To do -> In full and without alteration, transcribe the listing.
· · ·
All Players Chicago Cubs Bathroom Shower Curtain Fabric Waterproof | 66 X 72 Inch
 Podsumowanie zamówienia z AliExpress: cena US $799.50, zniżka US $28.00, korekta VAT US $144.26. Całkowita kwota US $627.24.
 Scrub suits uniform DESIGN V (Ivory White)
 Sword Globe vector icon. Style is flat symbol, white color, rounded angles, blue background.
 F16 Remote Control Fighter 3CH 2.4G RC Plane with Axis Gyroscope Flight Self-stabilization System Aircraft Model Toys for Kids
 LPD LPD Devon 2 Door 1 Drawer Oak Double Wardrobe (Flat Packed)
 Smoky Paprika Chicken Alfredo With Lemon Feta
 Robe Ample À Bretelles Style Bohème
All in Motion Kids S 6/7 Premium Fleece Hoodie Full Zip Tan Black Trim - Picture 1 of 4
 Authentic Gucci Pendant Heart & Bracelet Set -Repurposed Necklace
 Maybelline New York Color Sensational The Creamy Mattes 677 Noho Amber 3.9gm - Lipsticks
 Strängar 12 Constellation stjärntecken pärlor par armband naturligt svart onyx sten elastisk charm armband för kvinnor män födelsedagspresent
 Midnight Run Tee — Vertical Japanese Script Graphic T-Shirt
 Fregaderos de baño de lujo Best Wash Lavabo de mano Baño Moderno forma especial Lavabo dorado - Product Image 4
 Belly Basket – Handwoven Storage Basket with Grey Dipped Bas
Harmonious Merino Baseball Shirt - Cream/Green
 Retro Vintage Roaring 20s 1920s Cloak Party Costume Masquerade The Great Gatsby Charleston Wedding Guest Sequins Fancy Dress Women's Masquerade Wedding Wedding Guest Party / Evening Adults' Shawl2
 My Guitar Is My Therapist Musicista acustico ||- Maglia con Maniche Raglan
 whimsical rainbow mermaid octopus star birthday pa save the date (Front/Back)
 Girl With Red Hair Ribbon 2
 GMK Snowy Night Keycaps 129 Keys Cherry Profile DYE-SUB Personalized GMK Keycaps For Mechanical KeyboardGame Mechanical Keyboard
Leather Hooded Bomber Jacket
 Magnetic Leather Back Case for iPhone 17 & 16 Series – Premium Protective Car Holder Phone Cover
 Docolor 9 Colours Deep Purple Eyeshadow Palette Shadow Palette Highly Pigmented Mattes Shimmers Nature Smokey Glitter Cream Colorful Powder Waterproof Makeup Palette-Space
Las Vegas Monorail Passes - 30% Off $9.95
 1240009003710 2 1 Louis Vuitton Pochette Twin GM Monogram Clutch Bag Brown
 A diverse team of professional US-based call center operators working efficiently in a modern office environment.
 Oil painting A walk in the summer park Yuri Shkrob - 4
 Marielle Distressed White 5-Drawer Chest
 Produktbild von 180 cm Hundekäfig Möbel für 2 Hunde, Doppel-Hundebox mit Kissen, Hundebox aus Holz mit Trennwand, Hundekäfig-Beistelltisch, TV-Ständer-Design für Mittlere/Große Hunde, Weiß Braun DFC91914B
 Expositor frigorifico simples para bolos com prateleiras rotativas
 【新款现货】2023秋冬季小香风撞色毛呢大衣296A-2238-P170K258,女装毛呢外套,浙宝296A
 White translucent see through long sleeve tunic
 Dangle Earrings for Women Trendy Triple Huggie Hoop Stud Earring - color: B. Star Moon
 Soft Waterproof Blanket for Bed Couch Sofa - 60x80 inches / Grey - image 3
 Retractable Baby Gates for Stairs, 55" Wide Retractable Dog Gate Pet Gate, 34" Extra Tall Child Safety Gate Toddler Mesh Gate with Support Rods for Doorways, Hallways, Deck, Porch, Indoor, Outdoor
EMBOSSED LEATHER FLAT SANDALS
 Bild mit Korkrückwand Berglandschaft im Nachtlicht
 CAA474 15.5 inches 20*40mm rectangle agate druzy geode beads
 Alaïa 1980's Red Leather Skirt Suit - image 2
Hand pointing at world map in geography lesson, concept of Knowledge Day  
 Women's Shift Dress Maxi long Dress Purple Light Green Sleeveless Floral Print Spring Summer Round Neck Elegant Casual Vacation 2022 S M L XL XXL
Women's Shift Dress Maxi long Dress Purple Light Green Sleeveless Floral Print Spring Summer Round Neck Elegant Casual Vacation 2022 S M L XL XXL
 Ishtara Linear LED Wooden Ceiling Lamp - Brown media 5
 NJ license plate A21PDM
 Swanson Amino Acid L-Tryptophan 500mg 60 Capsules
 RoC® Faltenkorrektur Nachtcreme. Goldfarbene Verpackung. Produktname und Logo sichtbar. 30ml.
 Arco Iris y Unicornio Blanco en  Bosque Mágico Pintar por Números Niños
· · ·
Answer to this problem ->
All Players Chicago Cubs Bathroom Shower Curtain Fabric Waterproof | 66 X 72 Inch
 Podsumowanie zamówienia z AliExpress: cena US $799.50, zniżka US $28.00, korekta VAT US $144.26. Całkowita kwota US $627.24.
 Scrub suits uniform DESIGN V (Ivory White)
 Sword Globe vector icon. Style is flat symbol, white color, rounded angles, blue background.
 F16 Remote Control Fighter 3CH 2.4G RC Plane with Axis Gyroscope Flight Self-stabilization System Aircraft Model Toys for Kids
 LPD LPD Devon 2 Door 1 Drawer Oak Double Wardrobe (Flat Packed)
 Smoky Paprika Chicken Alfredo With Lemon Feta
 Robe Ample À Bretelles Style Bohème
All in Motion Kids S 6/7 Premium Fleece Hoodie Full Zip Tan Black Trim - Picture 1 of 4
 Authentic Gucci Pendant Heart & Bracelet Set -Repurposed Necklace
 Maybelline New York Color Sensational The Creamy Mattes 677 Noho Amber 3.9gm - Lipsticks
 Strängar 12 Constellation stjärntecken pärlor par armband naturligt svart onyx sten elastisk charm armband för kvinnor män födelsedagspresent
 Midnight Run Tee — Vertical Japanese Script Graphic T-Shirt
 Fregaderos de baño de lujo Best Wash Lavabo de mano Baño Moderno forma especial Lavabo dorado - Product Image 4
 Belly Basket – Handwoven Storage Basket with Grey Dipped Bas
Harmonious Merino Baseball Shirt - Cream/Green
 Retro Vintage Roaring 20s 1920s Cloak Party Costume Masquerade The Great Gatsby Charleston Wedding Guest Sequins Fancy Dress Women's Masquerade Wedding Wedding Guest Party / Evening Adults' Shawl2
 My Guitar Is My Therapist Musicista acustico ||- Maglia con Maniche Raglan
 whimsical rainbow mermaid octopus star birthday pa save the date (Front/Back)
 Girl With Red Hair Ribbon 2
 GMK Snowy Night Keycaps 129 Keys Cherry Profile DYE-SUB Personalized GMK Keycaps For Mechanical KeyboardGame Mechanical Keyboard
Leather Hooded Bomber Jacket
 Magnetic Leather Back Case for iPhone 17 & 16 Series – Premium Protective Car Holder Phone Cover
 Docolor 9 Colours Deep Purple Eyeshadow Palette Shadow Palette Highly Pigmented Mattes Shimmers Nature Smokey Glitter Cream Colorful Powder Waterproof Makeup Palette-Space
Las Vegas Monorail Passes - 30% Off $9.95
 1240009003710 2 1 Louis Vuitton Pochette Twin GM Monogram Clutch Bag Brown
 A diverse team of professional US-based call center operators working efficiently in a modern office environment.
 Oil painting A walk in the summer park Yuri Shkrob - 4
 Marielle Distressed White 5-Drawer Chest
 Produktbild von 180 cm Hundekäfig Möbel für 2 Hunde, Doppel-Hundebox mit Kissen, Hundebox aus Holz mit Trennwand, Hundekäfig-Beistelltisch, TV-Ständer-Design für Mittlere/Große Hunde, Weiß Braun DFC91914B
 Expositor frigorifico simples para bolos com prateleiras rotativas
 【新款现货】2023秋冬季小香风撞色毛呢大衣296A-2238-P170K258,女装毛呢外套,浙宝296A
 White translucent see through long sleeve tunic
 Dangle Earrings for Women Trendy Triple Huggie Hoop Stud Earring - color: B. Star Moon
 Soft Waterproof Blanket for Bed Couch Sofa - 60x80 inches / Grey - image 3
 Retractable Baby Gates for Stairs, 55" Wide Retractable Dog Gate Pet Gate, 34" Extra Tall Child Safety Gate Toddler Mesh Gate with Support Rods for Doorways, Hallways, Deck, Porch, Indoor, Outdoor
EMBOSSED LEATHER FLAT SANDALS
 Bild mit Korkrückwand Berglandschaft im Nachtlicht
 CAA474 15.5 inches 20*40mm rectangle agate druzy geode beads
 Alaïa 1980's Red Leather Skirt Suit - image 2
Hand pointing at world map in geography lesson, concept of Knowledge Day  
 Women's Shift Dress Maxi long Dress Purple Light Green Sleeveless Floral Print Spring Summer Round Neck Elegant Casual Vacation 2022 S M L XL XXL
Women's Shift Dress Maxi long Dress Purple Light Green Sleeveless Floral Print Spring Summer Round Neck Elegant Casual Vacation 2022 S M L XL XXL
 Ishtara Linear LED Wooden Ceiling Lamp - Brown media 5
 NJ license plate A21PDM
 Swanson Amino Acid L-Tryptophan 500mg 60 Capsules
 RoC® Faltenkorrektur Nachtcreme. Goldfarbene Verpackung. Produktname und Logo sichtbar. 30ml.
 Arco Iris y Unicornio Blanco en  Bosque Mágico Pintar por Números Niños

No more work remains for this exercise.